During a sudden downpour in Seoul on Monday evening, Euljiro turned into a ghost town surrounded by a modern megapolis.
Located south of the Cheonggyecheon in central Seoul, most of the shops and restaurants in Euljiro closed their business after a busy day dealing with customers visiting electric shops and publishing companies.
But at the end of the dark alley, a light still glimmered. Under the roofs decorated with small flags of different nations, crowds of people sat in bright red plastic chairs drinking cold beer in the humid summer night.
People sit outside in red plastic chairs in Euljiro Nogari Alley in downtown Seoul. (Yeo Jun-suk/The Korea Herald)
“For me, it is a perfect day to enjoy a beer after work,” said 45-year-old Kim Se-yeon, who owns a printing company near Euljiro. “Whenever I come here, it feels like I’m at a beer festival in Germany. This is why I came here for a drink whether it rains or not.”
Kim was not the only regular visitors to the back alley beer festival. The 500-meter long stretch of streets was filled with office workers dressed in suits, young couples on a date night and senior citizens reminiscing about the good old days.

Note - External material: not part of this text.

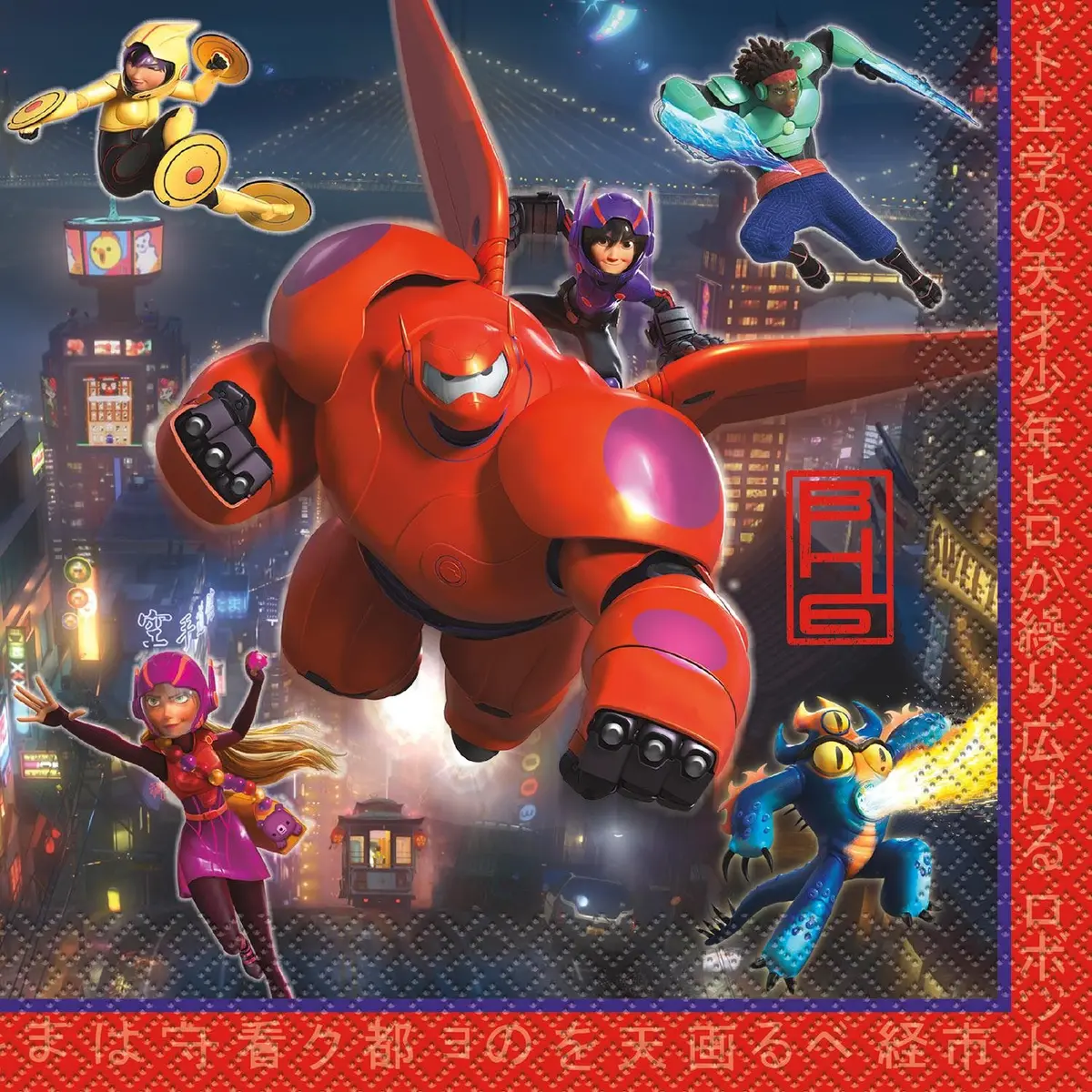 Big Hero 6 Luncheon Napkins (16 Napkins) 1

Whatever their reasons for coming to the outdoor pubs lining Euljiro, they appeared to enjoy the same thing -- a pint of cold beer with nogari, dried young pollock fillets grilled over charcoals. In fact, the neighborhood is known as Nogari Alley.
While the visitors said there was nothing special about the taste of the beer or the fish, what set them apart from those sold at other pubs is the cheap price. A nogari fillet was sold for 1,000 won ($0.90), and beers went for 3,500 a glass.
A cold glass of beer is served with nogari and special sauce. A nogari fillet is sold for 1,000 won ($0.90), and a glass of beer goes for 3,500. (Yeo Jun-suk/The Korea Herald)
“We consider nogari as a free food for the customers. That is why we set the price at 1,000 won,” Chung Gyu-ho, who runs Munchen Pub in the street. “We are trying to secure as much nogari possible by signing contracts with fishing vessels (operating) in remote oceans.”
Another attraction was an exotic spicy sauce served along with the nogari. While the detailed recipe for the sauce is “top secret,” the mixture of mayonnaise and red chili is the best fit for crisp nogari with a cold beer, Chung said.
Chung’s store is one of the older pubs that filled the streets in the early 1980s. The oldest pub here is Ulchi OB Bear opened in November 1980. Currently, a total of 17 pubs run their business at Euljro Nogari Alley.
Even though the first few pubs opened for business when South Korea was going through an economic boom in the 1980s, most started thriving during the financial crisis in 1997 by providing office workers with cheap but hearty food.
The big challenge came around during the 2008 economic shock. When business shrank, disputes increased between pub owners. Some of them had territorial disputes over the narrow two-lane road running through the street.
“There had been clashes between residents and pub owners. ... We don’t want to see drunken strangers yelling at each other in the middle of the night,” said 52-year-old Kang Yoon-seong, who has resided in Euljiro for 21 years.
Since then, the pub owners have organized themselves by setting up their own regulatory committee. At the same time, they have demanded permission to operate from local authorities, as the sale of food outside of restaurants is prohibited under Korean law.
Jung-gu district office eventually accepted their request last year. They revised an ordinance to allow local pubs to seat customers on the street with a payment for using the two-lane road.
The city has also taken a series of measures to make Nogari Alley a must-see tourist attraction for those vising Seoul. The street was designated a “future cultural heritage” by Seoul Metropolitan Government in 2015.
“There is an increasing number of tourists coming from different countries,” said Munchen Pub owner Chung said. “We are seeking to expand the number of pubs and use this street for an Oktoberfest in Seoul.”